Jordan Schneider: There’s an interesting U.S.-China dynamic here regarding the AI companion context. That’s where I can see a really dark future where we’re all best friends and lovers with AIs that have enormous power over us. The Chinese system has shown its willingness to ban porn or restrict video games for kids to 30-minute windows. It’ll be interesting to see if we end up having a new version of a temperance movement, or some big public demand for government controls — or even a rejection of what’s on offer in the coming years.
Ben Buchanan: Look, that may happen. I’m not even sure we can debate how it would be good or bad. There is probably some context in which we could say, for example, “AI systems should not be helping teenagers commit suicide.” This is not a complicated thing morally. But there’s a different question — should the federal government be the one doing this, and what does that look like?
We didn’t really go near any of that. We focused on the national security risks where I think we can all agree — yes, it is a core federal responsibility to make sure AI systems don’t build bioweapons. Frankly, the government has expertise around bio that the companies don’t. The companies were the first ones who told us that — they wanted a lot of assistance, which is why we created things like the AI Safety Institute.
Jordan Schneider: Well, that was a punt. But there better be an AI companion chapter in your new book, Ben.
Ben Buchanan: I don’t have developed thoughts on AI companions, except that I absolutely have concerns about the way in which AI will erode fundamental pillars of the social contract and social relationships.
Jordan Schneider: I mean, right now we’re all walking around with AirPods, playing music or books.
Ben Buchanan: And podcasts — mine play ChinaTalk.
Jordan Schneider: Great. But it’s still me on the other side of that, right? I worry about the level of socialization we’re going to end up with when it’s just optimized. Whatever is in your AirPods is perfectly calibrated for scratching that itch, making every neuron in your brain fire. It’s a weird one. But you said you don’t have thoughts on this, so we can move on.
Ben Buchanan: No, I don’t have smart thoughts on it, but I appreciate the concerns about “AI slop.” Ultimately, I think the trusted AI companies will be the ones that are explicitly humanistic in their values. These are questions that aren’t for the U.S. government to answer, but for U.S. society to answer.

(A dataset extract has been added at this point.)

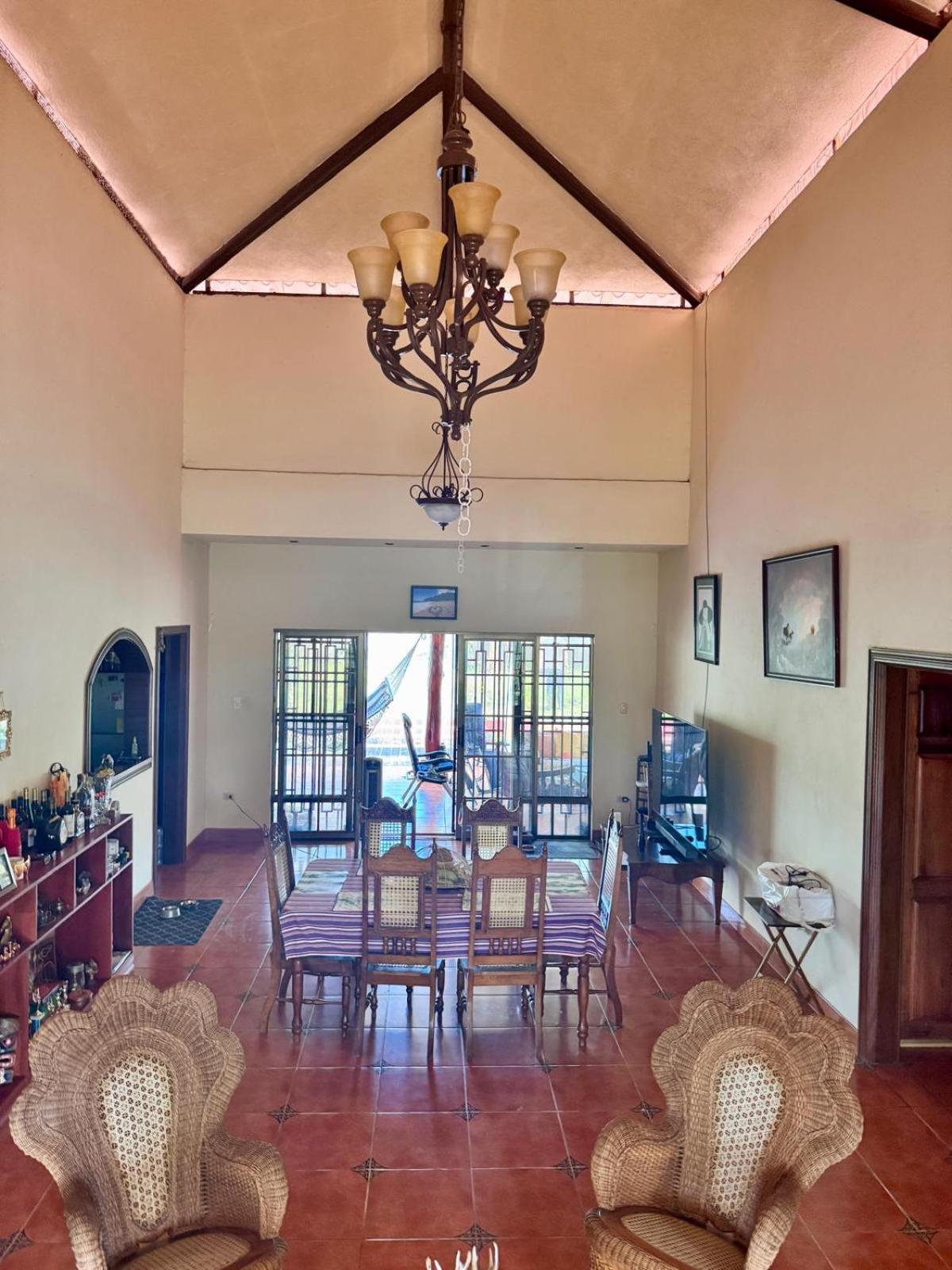 Casa Bella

Jordan Schneider: Sure. All right, let’s close on AI parenting. I bought the Amazon Alexa Kids the other day. They had some promotion. It was like 20 bucks. And I was so disappointed. You figure it could talk to you in a normal way? It’s still really dumb. It’s kind of shocking that there are not “smart friends” for children yet.
Ben Buchanan: I think there’s a lesson there about AI adoption and diffusion within the economy. You have a few companies — Google, OpenAI, Anthropic — inventing frontier tech, but the actual application of that tech to products is still very nascent, jagged, and uneven. I don’t know what LLM is in the Amazon Alexa, but the general trend is that we are in the very early innings of applying this stuff, even as we’re racing through the movie to invent more powerful versions of it.
Jordan Schneider: Ben, I used to ask people for their favorite songs, but we keep getting copyright struck. So we are now generating customized Suno songs based on the interview. I’m going to do one about creating export controls, but I need you to give me the musical genre.
Ben Buchanan: The musical genre? It has to be jazz. Clearly, there is an element in which every policymaking process is improvisation. You have some sense of where you’re going, but I certainly didn’t feel like I was reading from a sheet of music — not that I can read sheet music anyway. But it has to be jazz, Jordan.